Darwinismo social, o terceiro aspecto. No fim triunfa o mais forte, contando como lícito tudo o que contribua para o êxito individual. Quem cuida do seu interesse permite que o grupo social funcione. É um endoutrinamento sobre a conduta a sustentar no mundo real, sem qualquer apelo a normas que regulem a violência e promovam o bem comum.

Populismo violento. Os grupos seguidos pelas câmaras têm que realizar actos gratificantes, para si e para o público que os observa. Para triunfar basta satisfazer os desejos que resultam da cumplicidade entre produtores, protagonistas e público. É uma campanha eleitoral ? É publicitar um produto? É vender uma imagem ? O "Bigger Brother" passou por aqui.

Enfim, sentimentalismo desenfreado. Sentir é mais importante que manter íntegros quem se é e o que se pensa.
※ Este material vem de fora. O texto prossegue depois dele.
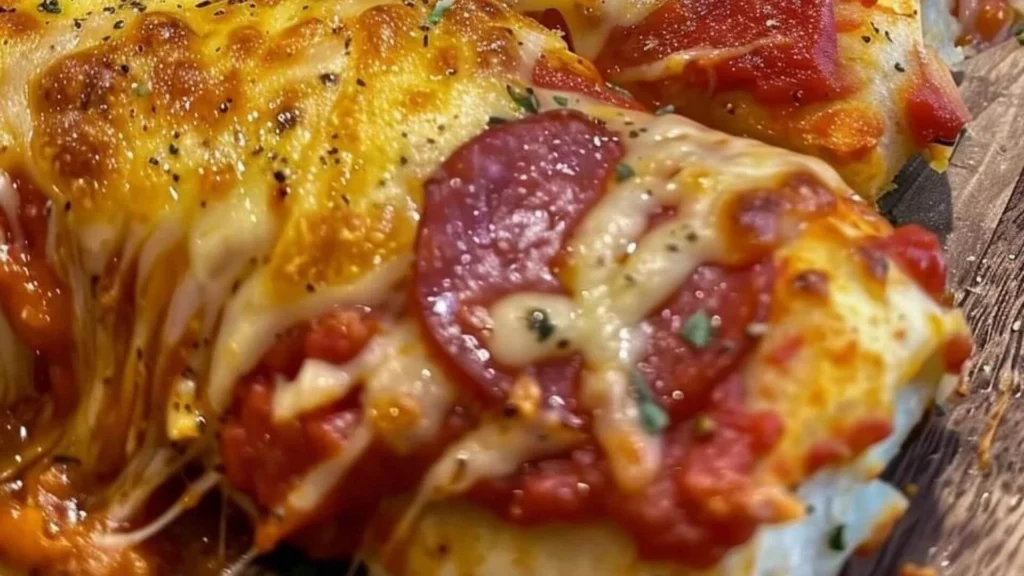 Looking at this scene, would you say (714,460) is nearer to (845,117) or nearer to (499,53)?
(499,53)

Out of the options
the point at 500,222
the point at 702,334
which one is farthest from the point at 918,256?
the point at 500,222

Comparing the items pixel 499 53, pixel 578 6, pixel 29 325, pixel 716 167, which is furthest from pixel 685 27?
pixel 29 325

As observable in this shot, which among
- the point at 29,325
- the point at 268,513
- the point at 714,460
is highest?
the point at 714,460

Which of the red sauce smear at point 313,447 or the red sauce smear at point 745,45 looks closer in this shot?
the red sauce smear at point 313,447

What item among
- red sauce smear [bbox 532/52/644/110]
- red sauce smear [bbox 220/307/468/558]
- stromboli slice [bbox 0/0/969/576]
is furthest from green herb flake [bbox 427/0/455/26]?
red sauce smear [bbox 220/307/468/558]

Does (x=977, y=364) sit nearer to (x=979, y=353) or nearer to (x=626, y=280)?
(x=979, y=353)

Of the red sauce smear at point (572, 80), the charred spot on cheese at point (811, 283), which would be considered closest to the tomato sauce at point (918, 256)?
the charred spot on cheese at point (811, 283)

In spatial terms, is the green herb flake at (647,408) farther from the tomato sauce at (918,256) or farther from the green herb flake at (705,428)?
the tomato sauce at (918,256)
Todos exageram sentimentos, porque o sentimento é o passaporte para se integrar no grupo, ganhar reconhecimento social, ser aceite. Claro que mais tarde ficarão tão adaptados ao grupo que adoptam qualquer regra por mais repulsiva que a considerem. É o efeito Margarida de Borba.

Mas os cânones da cultura ligeira não são combatidos com tiradas morais contra a arraia miúda de voyeuristas e exibicionistas que enchem os "Bares da TV. A crítica dos cretinos deve ter outro alvo.
"Acerca da Estupidez", de Robert Musil e "Bouvard e Pécuchet", de Gustave Flaubert são dois deliciosos livros que narram o que sucede quando os cretinos tomam conta do mundo, em particular quando os pequeno-burgueses armados de informação julgam poder falar e decidir sobre os destinos da humanidade.
Lá mais para trás teríamos que referir o "Elogio da Loucura" de Erasmo, e "Gargantua e Pantagruel", de Rabelais, para encontrar literatura que sabe zurzir nas fuças dos idiotas à solta, até eles estrebucharem de vez.
A função do crítico é identificar e zurzir os "Bigger Brothers" que se escondem nos bastidores com as propostas estúpidas e fracturantes do nosso tempo. Exactamente como nos "Big Brother", só que traduzidas para calão intelectual.